— Exercise directions —
Beginning with the line that holds "Sacai - Asymmetric Denim Midi Skirt - Lyst", copy each line through the end of the material below, exactly and with no pictures.

— Data extract —
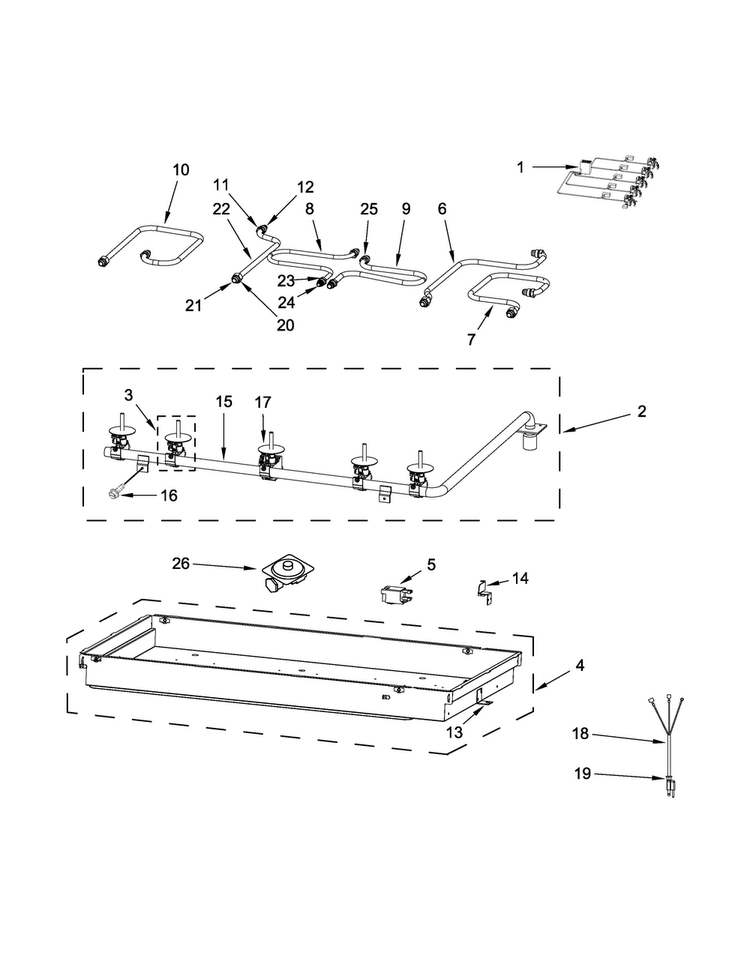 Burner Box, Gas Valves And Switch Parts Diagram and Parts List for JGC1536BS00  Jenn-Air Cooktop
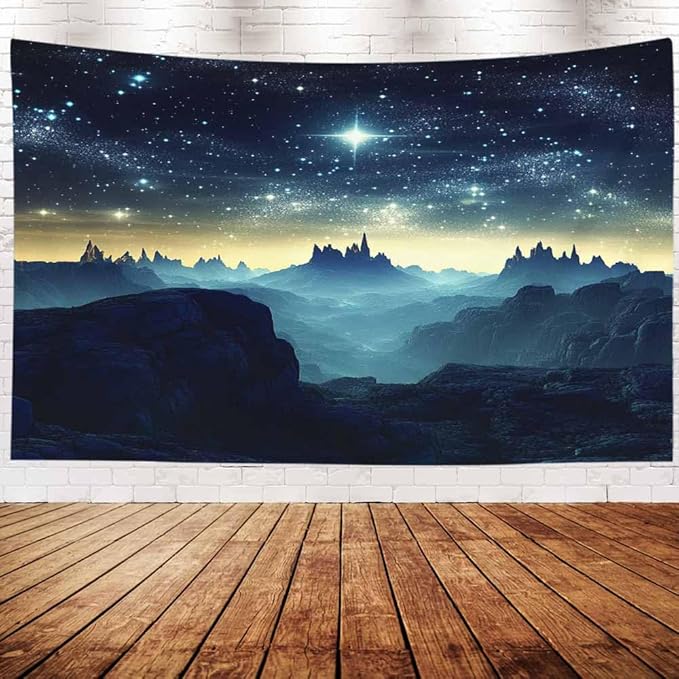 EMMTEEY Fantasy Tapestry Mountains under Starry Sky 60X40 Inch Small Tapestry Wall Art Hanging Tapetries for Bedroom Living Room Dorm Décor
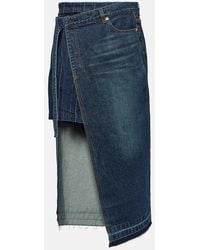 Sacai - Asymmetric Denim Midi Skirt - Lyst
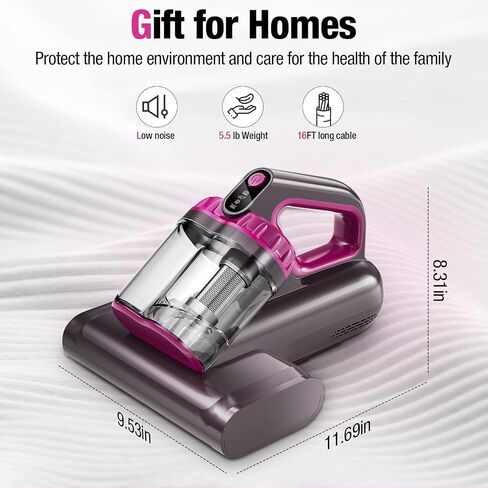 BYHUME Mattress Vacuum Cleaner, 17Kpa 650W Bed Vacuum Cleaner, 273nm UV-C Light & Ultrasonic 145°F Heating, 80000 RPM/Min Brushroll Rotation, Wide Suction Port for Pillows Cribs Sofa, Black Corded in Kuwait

— Completed exercise —
 Sacai - Asymmetric Denim Midi Skirt - Lyst
 BYHUME Mattress Vacuum Cleaner, 17Kpa 650W Bed Vacuum Cleaner, 273nm UV-C Light & Ultrasonic 145°F Heating, 80000 RPM/Min Brushroll Rotation, Wide Suction Port for Pillows Cribs Sofa, Black Corded in Kuwait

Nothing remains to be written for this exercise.